McKenzie Construction Company (hereinafter “contractor”) was engaged in work upon four large projects in several areas in Texas; and, in each instance, defendant was surety upon its performance and payment bonds on the several jobs. Before September 1, 1969, contractor became indebted to Frost National Bank and First National Bank of San Antonio (hereinafter “banks”) in a total sum greatly in excess of $100,000, the loans being partially secured by liens upon contractor’s equipment then being used upon the construction projects bonded by defendant.

Early in September, 1969, contractor notified defendant that it was in such severe financial straits that it could not complete the contracts without the financial assistance of its surety. Contractor and defendant-surety then entered into a lengthy and comprehensive “Trust Agreement” dated September 11, 1969, which forms the basis of this litigation.

Insofar as material to this litigation, the agreement between contractor and defendant provided that contractor would continue on the jobs bonded by defendant; that all contract monies earned or received from the several jobs, including retained percentages, would be placed in a separate bank account subject to being withdrawn only by checks signed jointly by contractor and a representative of defendant. Such receipts would be used in payment of labor and material used in the performance of the contracts; and, as provided in Paragraph 1(b), thereof:

“As an allowance for payment of certain obligations of Contractor to [banks], such allowance shall be a total of one-fourth (¼⅛) of the sum of the August estimates to be received from [the several construction projects], on the express condition that this Agreement has not been breached by Contractor in any way at the specified dates. Such allowance shall be paid as follows:
“[25% of ‘said allowance’ on September 15, 1969; on October 15, 1969; on November 15, 1969; and on December 15, 1969]”
(emphasis supplied)

The trust agreement provided that contractor and A. J. McKenzie, its president, “is to devote its and his full time to expediting completion” of the contracts bonded *421 by defendant. While the agreement was expressly declared to be irrevocable on the part of contractor, defendant reserved the right to repudiate the agreement at its discretion. However, the agreement contained a proviso reading: “But it is specifically agreed that the obligations provided for in Paragraph 1(b) [payments to the banks noted above] shall be binding until the Contractor has breached this agreement or any part thereof.”
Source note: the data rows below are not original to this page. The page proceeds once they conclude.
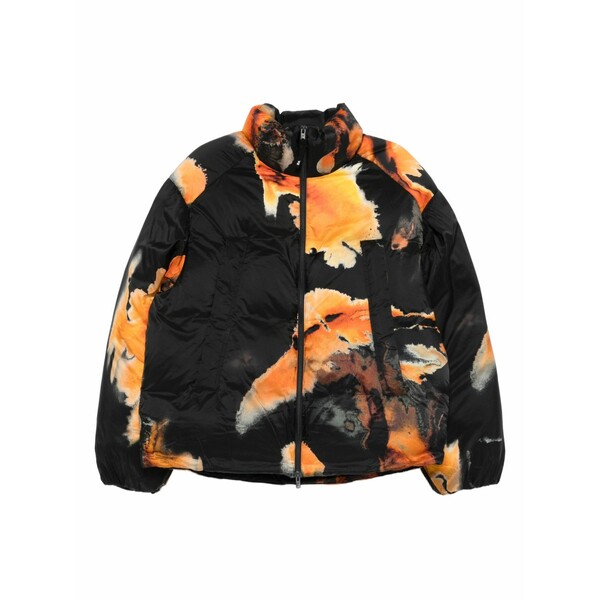 ワイスリー メンズ ジャケット&ブルゾン アウター Aop padded jacket Black|asty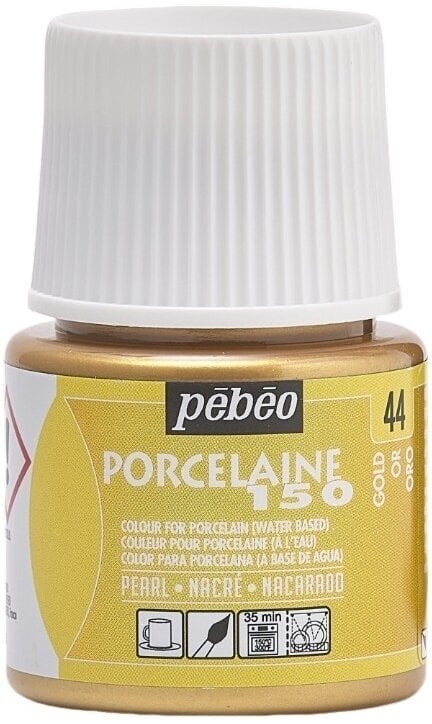Boja za porcelan Pébéo Porcelaine 150 Порцеланска боја Gold 45 ml 1 kom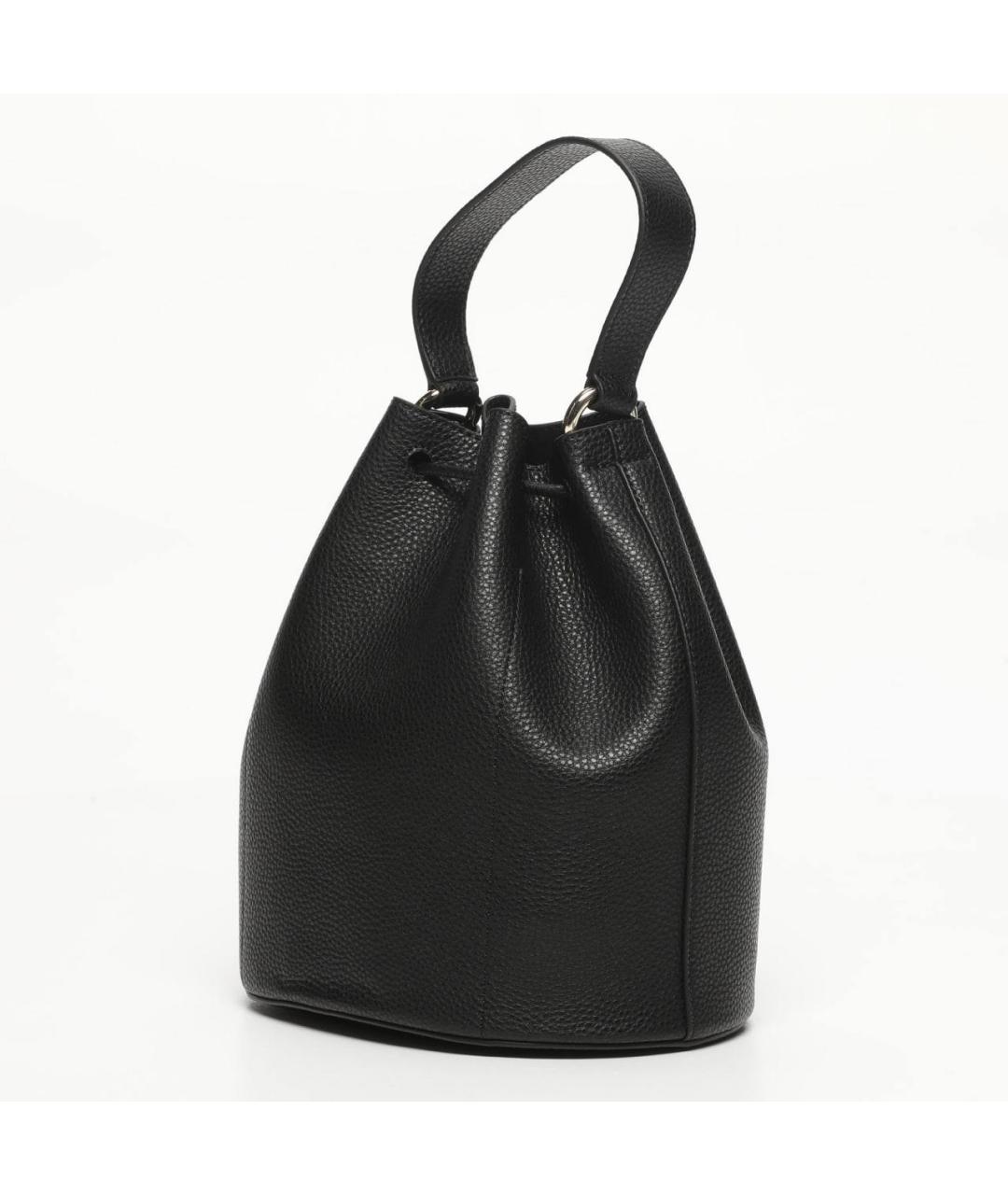 FURLA Черная кожаная сумка через плечо, фото 2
Contractor and defendant collected in excess of $400,000 on the August estimates due and payable to contractor for work performed prior to the execution of the trust agreement. Defendant paid to banks during September and October, slightly in excess of $50,000 but declined to make the payments due in November and December as provided in Paragraph 1(b) of the trust agreement.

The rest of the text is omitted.